* **Your assignment**
Write out nothing but the lines from the one containing "Casetta da giardino" through the last line below, both included, and without the pictures.

* **Data segment**
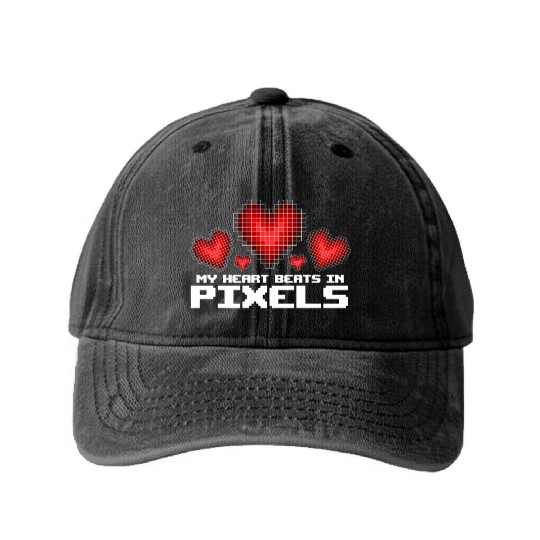 My Heart Beat in Pixels Valentine's Day Thowback Washed Denim Baseball Caps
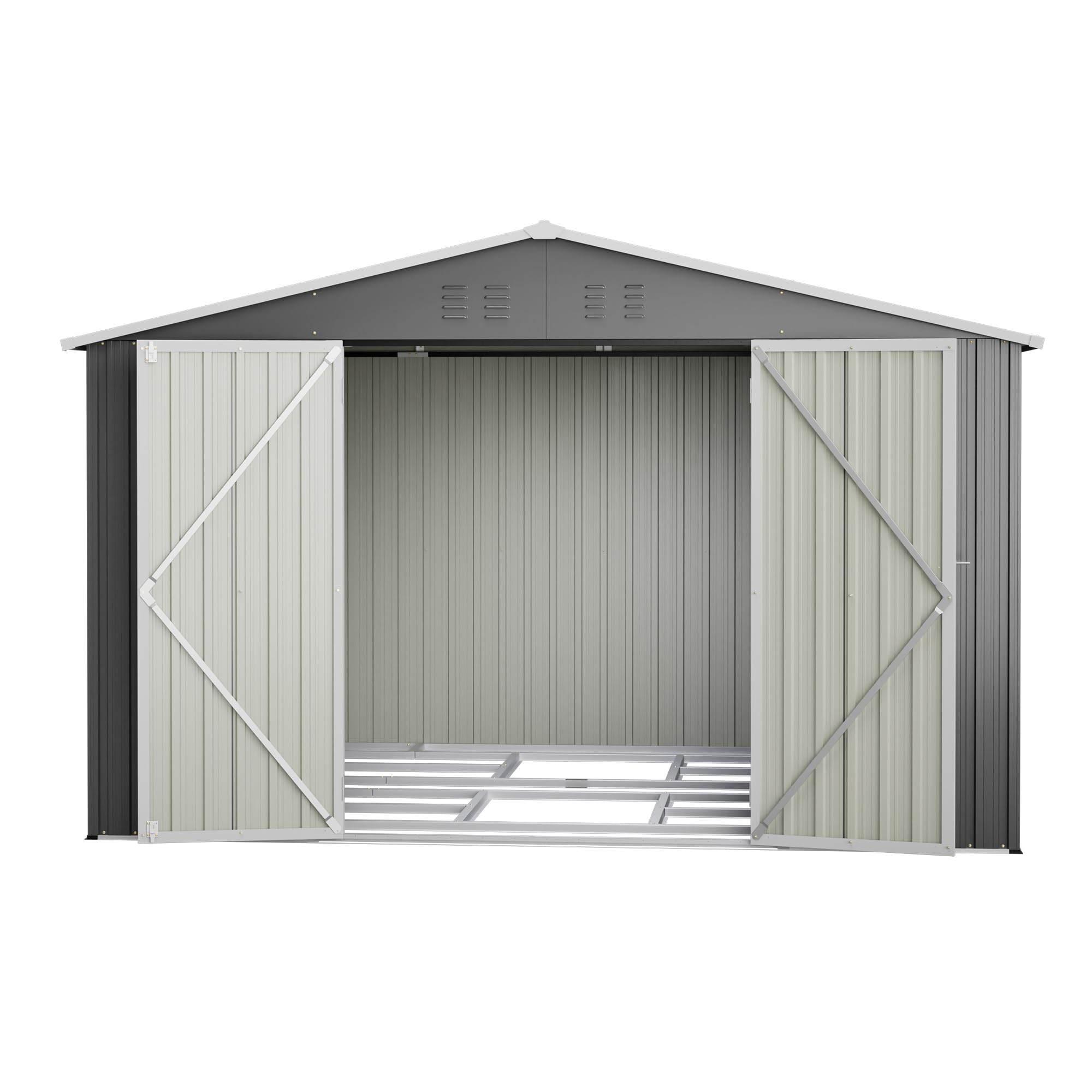 Casetta da giardino XXXL 300 x 252 x 191 cm, capanno in metallo con tetto a due ante scorrevoli, resistente alle intemperie, grigio, per moto, biciclette, attrezzi da giardino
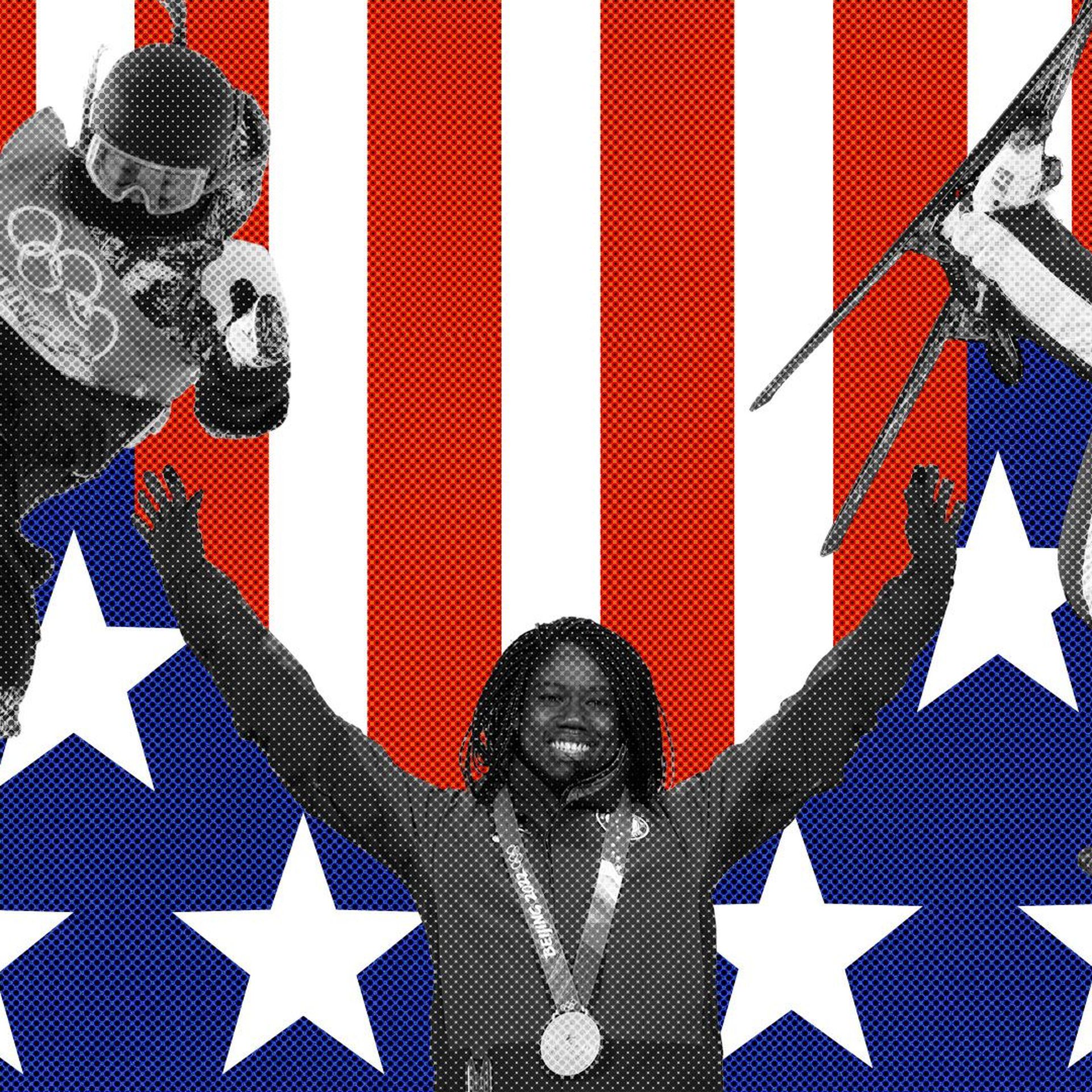 Photo illustration of Team USA members Chloe Kim, Erin Jackson and Ashley Caldwell against a background of stars and stripes.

* **Answer to the problem**
 Casetta da giardino XXXL 300 x 252 x 191 cm, capanno in metallo con tetto a due ante scorrevoli, resistente alle intemperie, grigio, per moto, biciclette, attrezzi da giardino
 Photo illustration of Team USA members Chloe Kim, Erin Jackson and Ashley Caldwell against a background of stars and stripes.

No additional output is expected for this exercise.